Zen, Split Brain and the Art of Master Election

I read about this split brain problem recently. Why is it "practically
guaranteeing data loss/corruption"? Could someone point me to a
document where this is explained?

I only found wikipedia and this one:

http://unixworld2010.wordpress.com/2011/01/10/how-vcs-avoids-split-brain/

"When this happens, systems on both sides of the partition can restart
applications from the other side resulting in duplicate services, or
'split-brain'"

Why can't a healthy service on a node prevent itself from beeing
restarted or duplicated?

Regards,
Peter.

On 7 Jul., 00:30, Shay Banon shay.ba...@elasticsearch.com wrote:

Heya,

Actually, I did some work to improve on that in master:Zen Discovery: Add `minimum_master_nodes` setting helping with split brains · Issue #1079 · elastic/elasticsearch · GitHub. This solves a lot of the cases of split brain, and makes zen more usable for this.

-shay.banon

On Thursday, July 7, 2011 at 1:25 AM, Paul Smith wrote:

I had originally thought I had seen some information about how the Zen discovery protocol deals with the Split Brain problem, but alas now I can't find it, or it wasn't there and I was dreaming it up in a caffeine fuelled haze.
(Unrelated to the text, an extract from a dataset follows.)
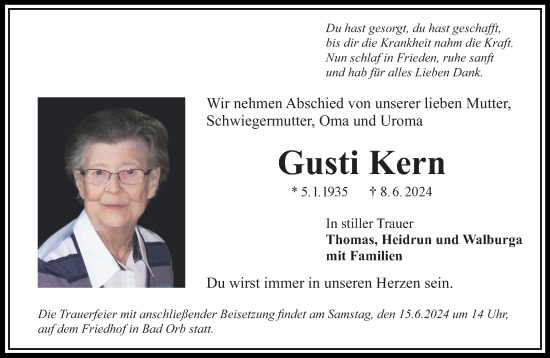 Traueranzeige von Gusti Kern von Gelnhäuser Neue Zeitung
I spotted a recent pull request/discussion about Zookeeper (Issue #1057). I know Zookeeper is designed around that quorum process and, as I understand it (which is saying, I probably don't), has defences against Split Brain.

Given the catastrophe of a split brain scenario, where rogue splinter cells of the cluster go off on their own, practically guaranteeing data loss/corruption, is there anything specific one should know about Zen and Split Brain?

It's obviously not an easy problem to solve, I'd just like to be 100% clear to my team if this does/does not address (or perhaps partially addresses) this evil scenario. Obviously Zookeeper is a much larger beast to be pulling in to ES, an Zen is simple and fairly elegant, Shay, what are your thoughts on this matter in a practical term?